Booster pump can effectively solve the water pressure and lead to water heater or other water consuming appliances water yield little, the not good problem of user experience for a short time, but booster pump on the market can not the perception discharge, in order to control the needs of monitoring discharge, the way of current producer is to install rivers sensor additional on booster pump's delivery port one side usually, adopt the threaded connection mode with rivers sensor the screwed joint be connected to booster pump's delivery port joint in, but this kind of booster pump still has following problem in the in-service use: 1. the booster water pump and the water flow sensor are connected by adopting the threaded joint, so that the caliber of a pipeline between the booster water pump and the water flow sensor is reduced to a certain extent, when the booster water pump is started, the flow speed of water flow passing through the pipeline is accelerated under the same pressure, and further, the rotating speed of a worm wheel in the sensor is increased, so that the data monitoring accuracy of the water flow sensor is directly influenced; 2. the water flow sensor is purchased and additionally installed by a manufacturer, so that the management and production are inconvenient, and the production cost is increased.
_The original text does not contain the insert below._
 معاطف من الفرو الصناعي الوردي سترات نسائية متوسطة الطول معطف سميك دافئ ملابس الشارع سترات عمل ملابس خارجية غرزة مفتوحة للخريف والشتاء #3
SUMMERY OF THE UTILITY MODEL
Therefore, the to-be-solved technical problem of the utility model lies in overcoming booster water pump among the prior art and adopting threaded joint to be connected so that the pipeline bore reduces to some extent with the rivers sensor, influences the data monitoring precision of rivers sensor, but also needs purchase in addition and install the rivers sensor, brings the inconvenient problem of management and production.
For solving the technical problem, the utility model provides a from booster water pump of taking flow sensor, including integrated into one piece structure fashioned water pump shell and flow sensor casing, with set up inlet channel and setting on the water pump shell are in outlet conduit on the flow sensor casing, the water pump shell with be provided with the continuous water service line of an organic whole between the flow sensor casing, the bore size of water service line is unanimous, be provided with in the water pump shell and be located the liquid actuating mechanism that send of water service line one end, be provided with in the flow sensor casing and be located the worm gear mechanism of the water service line other end, send liquid actuating mechanism to be used for passing through liquid the water service line carry extremely in the flow sensor casing, and drive the worm gear mechanism action.
As a preferable scheme, the water passage pipeline is of a straight pipe structure and comprises a first interface communicated with an inner cavity of the water pump shell and a second interface communicated with an inner cavity of the water flow sensor shell, and the second interface is arranged opposite to one end of the water outlet pipeline.
As a preferable scheme, the water pump housing comprises a base and a base which are fixedly connected or integrally formed, and the base, the water flow sensor housing and the water pipeline are integrally formed.
As a preferred scheme, the first interface is connected to the side face of the base, the water inlet pipeline is connected to the bottom of the base, and a water inlet hole is formed between the water inlet pipeline and the bottom of the base.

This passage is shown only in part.